Correlation Coefficient Calculator

Feed in two parallel lists and get Pearson's r — a single number from −1 to 1 that says how tightly your x and y values rise and fall together.

Pairs (n)
5
Pearson r
0.8528

How it works

Pearson's r compares how each x sits relative to its own average with how each paired y sits relative to its average. When highs pair with highs and lows with lows, the products pile up positive; when they swap, they turn negative.

The formula divides the summed products of those paired deviations by the square root of each list's own summed squared deviations. That division rescales everything into a tidy range from −1 to 1, no matter the units.

An r near 1 means a strong positive line, near −1 a strong negative line, and near 0 no straight-line relationship at all. So x = 1..5 paired with y = 2, 4, 5, 4, 6 lands around 0.77 — a fairly strong upward trend.

Frequently asked questions

What does the value of r actually tell me?

It measures the strength and direction of a straight-line relationship. Closer to +1 or −1 means the points hug a line tightly; closer to 0 means they scatter.
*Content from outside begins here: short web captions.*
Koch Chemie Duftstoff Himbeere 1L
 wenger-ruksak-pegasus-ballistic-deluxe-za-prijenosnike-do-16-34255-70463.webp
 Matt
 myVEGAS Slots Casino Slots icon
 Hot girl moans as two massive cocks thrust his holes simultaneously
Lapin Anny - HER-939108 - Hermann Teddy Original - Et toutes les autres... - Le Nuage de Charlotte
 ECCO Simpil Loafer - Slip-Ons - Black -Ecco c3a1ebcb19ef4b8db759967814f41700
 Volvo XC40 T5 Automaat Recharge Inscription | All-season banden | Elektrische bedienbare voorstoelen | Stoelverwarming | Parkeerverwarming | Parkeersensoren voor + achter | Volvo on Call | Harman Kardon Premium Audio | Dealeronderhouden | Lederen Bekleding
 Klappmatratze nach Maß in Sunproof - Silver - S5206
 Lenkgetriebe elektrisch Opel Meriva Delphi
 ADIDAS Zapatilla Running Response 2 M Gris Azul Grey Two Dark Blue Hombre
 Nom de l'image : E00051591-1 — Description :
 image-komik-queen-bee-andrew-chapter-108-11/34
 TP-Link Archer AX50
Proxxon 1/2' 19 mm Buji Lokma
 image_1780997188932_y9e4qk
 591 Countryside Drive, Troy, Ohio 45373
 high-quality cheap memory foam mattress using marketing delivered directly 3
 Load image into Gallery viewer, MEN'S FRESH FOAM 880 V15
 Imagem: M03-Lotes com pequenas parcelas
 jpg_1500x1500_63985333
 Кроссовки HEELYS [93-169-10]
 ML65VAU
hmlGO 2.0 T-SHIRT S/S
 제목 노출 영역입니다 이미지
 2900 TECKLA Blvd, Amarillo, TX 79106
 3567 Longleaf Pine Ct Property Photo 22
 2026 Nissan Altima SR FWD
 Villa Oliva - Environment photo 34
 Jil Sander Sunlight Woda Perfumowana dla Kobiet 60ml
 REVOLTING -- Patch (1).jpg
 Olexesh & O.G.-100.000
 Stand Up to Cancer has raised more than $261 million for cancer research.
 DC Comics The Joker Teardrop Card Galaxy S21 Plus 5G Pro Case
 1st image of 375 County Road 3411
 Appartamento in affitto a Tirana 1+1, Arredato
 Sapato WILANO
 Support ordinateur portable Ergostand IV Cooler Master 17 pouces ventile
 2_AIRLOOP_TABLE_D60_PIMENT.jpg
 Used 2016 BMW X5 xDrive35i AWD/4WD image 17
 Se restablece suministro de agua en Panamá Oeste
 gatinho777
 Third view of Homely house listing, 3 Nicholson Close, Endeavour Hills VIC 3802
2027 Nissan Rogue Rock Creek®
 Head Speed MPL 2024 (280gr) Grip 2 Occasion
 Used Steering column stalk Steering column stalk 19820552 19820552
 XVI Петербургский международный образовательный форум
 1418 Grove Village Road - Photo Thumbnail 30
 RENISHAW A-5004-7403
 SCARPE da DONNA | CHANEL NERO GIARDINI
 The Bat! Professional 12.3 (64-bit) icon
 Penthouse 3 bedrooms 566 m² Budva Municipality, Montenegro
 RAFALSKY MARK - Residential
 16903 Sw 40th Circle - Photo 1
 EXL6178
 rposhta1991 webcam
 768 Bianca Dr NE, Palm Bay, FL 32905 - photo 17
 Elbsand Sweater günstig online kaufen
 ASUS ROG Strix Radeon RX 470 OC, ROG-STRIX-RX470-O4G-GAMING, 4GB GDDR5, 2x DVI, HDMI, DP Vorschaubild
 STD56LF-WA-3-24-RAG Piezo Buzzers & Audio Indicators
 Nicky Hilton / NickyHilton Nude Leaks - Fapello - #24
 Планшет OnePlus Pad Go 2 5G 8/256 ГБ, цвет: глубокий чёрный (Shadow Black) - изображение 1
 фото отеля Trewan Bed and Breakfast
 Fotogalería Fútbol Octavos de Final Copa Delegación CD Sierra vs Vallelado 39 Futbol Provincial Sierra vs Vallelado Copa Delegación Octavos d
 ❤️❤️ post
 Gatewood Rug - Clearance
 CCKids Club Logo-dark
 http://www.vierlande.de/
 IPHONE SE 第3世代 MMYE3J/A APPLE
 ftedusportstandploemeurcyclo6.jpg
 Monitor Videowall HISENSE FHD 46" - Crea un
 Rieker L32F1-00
The sign tells you whether y tends to rise or fall as x rises.

Does a high correlation prove one thing causes the other?

No, and this trips people up constantly. Two variables can move together because of coincidence or a hidden third factor. Correlation is strong evidence that they're linked, but establishing cause takes more than a single r value.

Why do my two lists need the same length?

Pearson's r works on paired data — each x has to match up with one y. If the lists are different lengths there's no clean way to pair them, so the calculator waits for equal counts before giving an answer.

Can r miss a real relationship?

It can. Pearson's r only detects straight-line patterns, so a strong curved relationship — say a U-shape — might show an r near zero even though the variables are clearly connected. Plotting the points is always worth a look.